An ocean of more than 4,000 wand-wielding fans poured into the Chicago Hilton earlier this month for the massive Harry Potter convention LeakyCon, named after the Leaky Cauldron pub in the series that can only be seen by wizards. Undying love for Hogwarts met heady anticipation for Rowling's new novel, her first to target an adult audience.
"The Casual Vacancy," to be released Sept. 27, has been kept under tight wraps. The publisher released only a vague description about an election in a divided English town, stirring excitement and curiosity among fans who wonder how Rowling's style will translate to real-world settings.
"I'm nervous, I worry about what other people are going to say," said Michael Crowley, 22, who starts law school this fall at Boston University, exuding a loving protectiveness of Rowling that abounds among her fans. "You don't speak bad about the queen, and you don't speak bad about J.K.R."
What J.K.R — or J.K., or Jo, or Goddess Rowling, as the most diehard Potterheads call her — did to earn such literary loyalty ranges from the subtle to the seismic, from sparking imagination to molding book choices to being the reason some kids read at all.
Kobbs, who likes to pick up '80s and '90s fantasy series she finds at thrift stores, said she reads all books through the lens of "Harry Potter," examining how well they execute Rowling's devices.
Grace Smith, who started listening to Harry Potter as books on tape during family road trips when she was 7, said the series raised her standards.

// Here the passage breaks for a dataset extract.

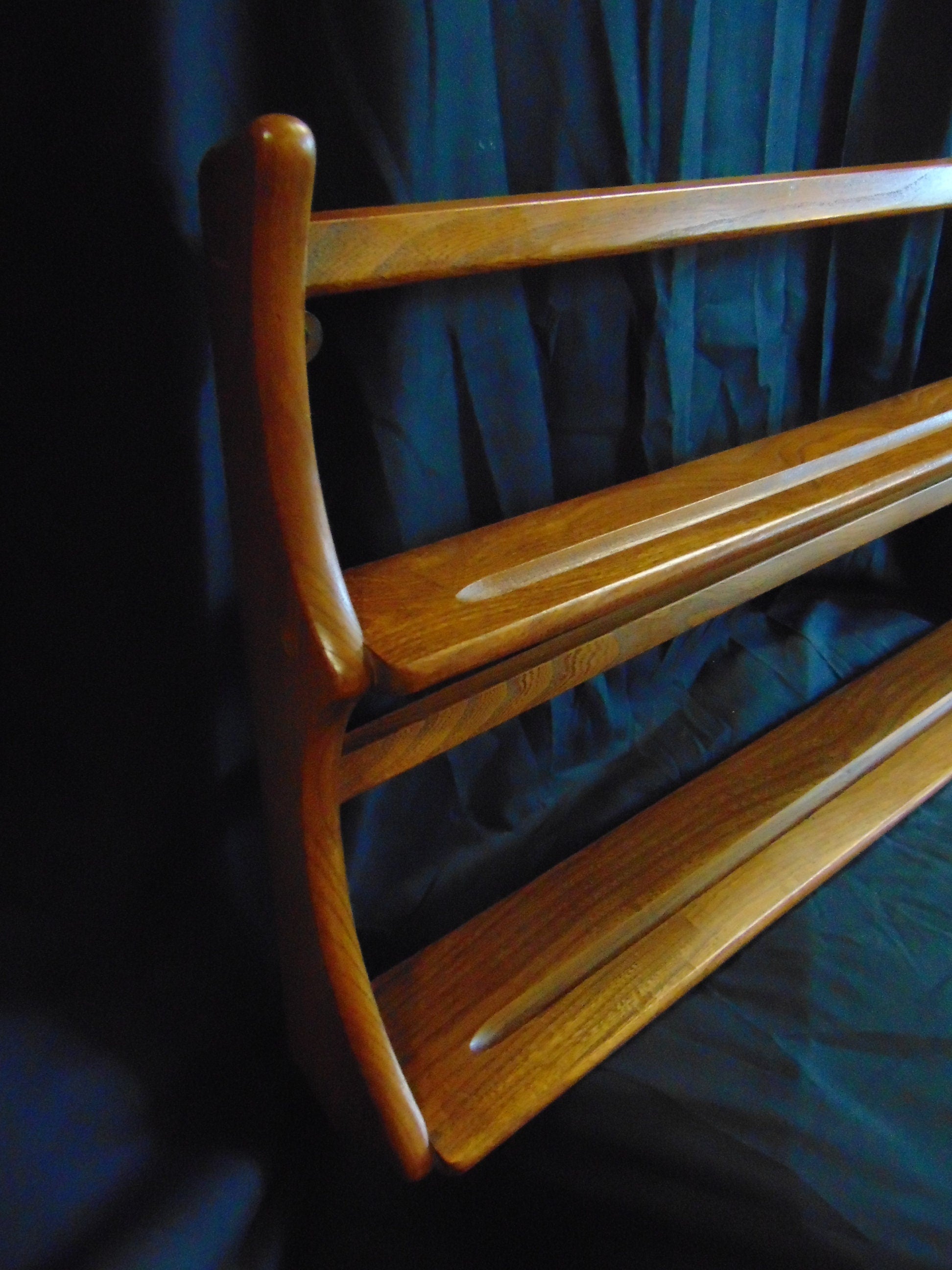 Ercol Golden Dawn 2 Tier Plate Rack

"I don't have any patience for things that aren't thought out," said Smith, 19, a biology major at Oakland University in Michigan, who on this occasion was dressed as Professor Dumbledore's pet phoenix Fawkes, though somewhat more elegant in a long red evening gown with cardboard wings, tail feathers and a beak on her head.
Since the series ended, Smith has immersed herself in Wally Lamb's fiction because she appreciates "popular books that are really well-written."